All of the daughters attended the Wolcott School for Girls in Denver. Louise married Henry F. Kugeler at the Coors Mansion, and Augusta married Herbert E. Collbran there on October 5, 1905. At the time, Transcript editor George West wrote, "Miss Coors is a native Golden girl and proud of it. She is pretty and talented, and by her universally pleasant and courteous demeanor has endeared herself to all the people of her native town." She and her husband moved to Korea, where his father was the nation's transportation adviser; Herbert Collbran held an important position with the governmental railways. It is possible that the advent of international shipping of Coors beer, which began in Korea in 1908, was directly related to the family's presence there.

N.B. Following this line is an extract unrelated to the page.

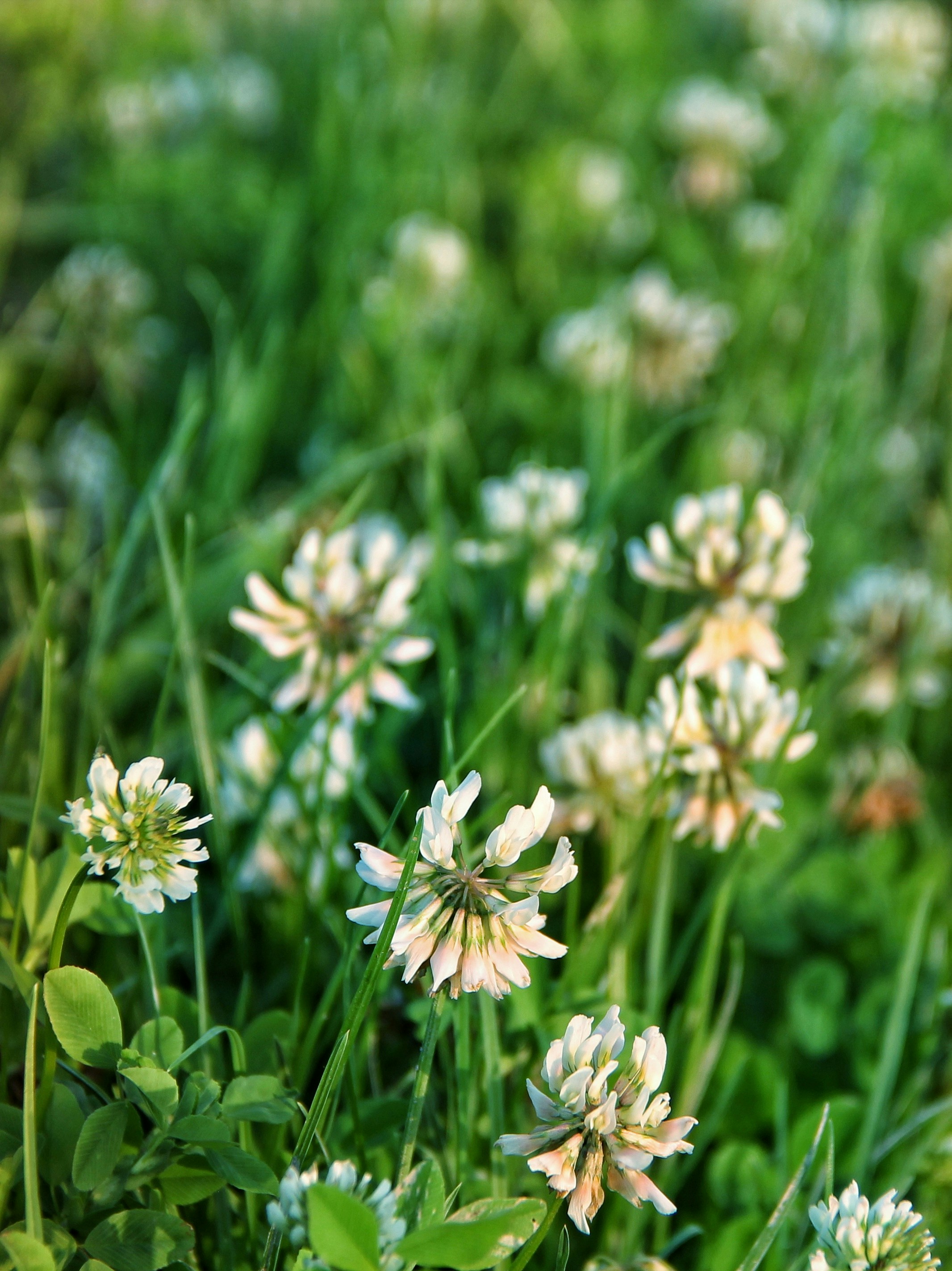 White clover flowers bloom in green grass.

Adolph Jr., Grover and Herman all graduated from Cornell University, and returned to Denver to take positions in the family operations. Adolph Jr. was married to Alice May Kistler at the Kistler home, and the family lived in Denver. Grover married Gertrude at the Coors Mansion. Bertha, who became an accomplished equestrienne and safari hunter, married Harold S. Munroe on January 8, 1911, at the Coors Mansion. The couple moved to Mexico where Harold worked in gold mining operations. Herman Coors married Doreathea Clara Morse on May 25, 1916, in Tompkins, New York. {Two Hermans?} Herman Coors married Janet Ferrin and stayed in Golden, and worked in the family's porcelain manufacturing operations. In 1926, he moved to Inglewood, California, where he set up his own porcelain plant, the H.F. Coors China Company.

Siblings

Adolph Coors is known to have had at least two siblings, a sister and younger brother, William Kuhrs, who was born in Dortmund, Germany in 1849. William followed his brother to America in 1870 and took the same respelling of the family name. He made his way to Chicago where he made a good living as a cabinet maker, and arrived in Golden by the mid-1870s. He took a good position of employment at his brother's brewery, in which employ he remained for the rest of his life. Following further in his brother's footsteps, William married Louisa's sister Mary in 1881, and ten years later moved to Denver where he had charge of the Coors interests in that city. The couple had three daughters, two of whom were Mattie and Helena. William Coors died on December 30, 1923, and is buried at the Golden Cemetery. Upon his death the Colorado Transcript described him as "a genial, accommodating man, and had many friends in Golden, Denver and elsewhere." His oldest daughter married William J. Gilbert and the second married Charles Nitschke.

Death

On June 5, 1929, Adolph Coors committed suicide by leaping from a sixth-floor hotel window.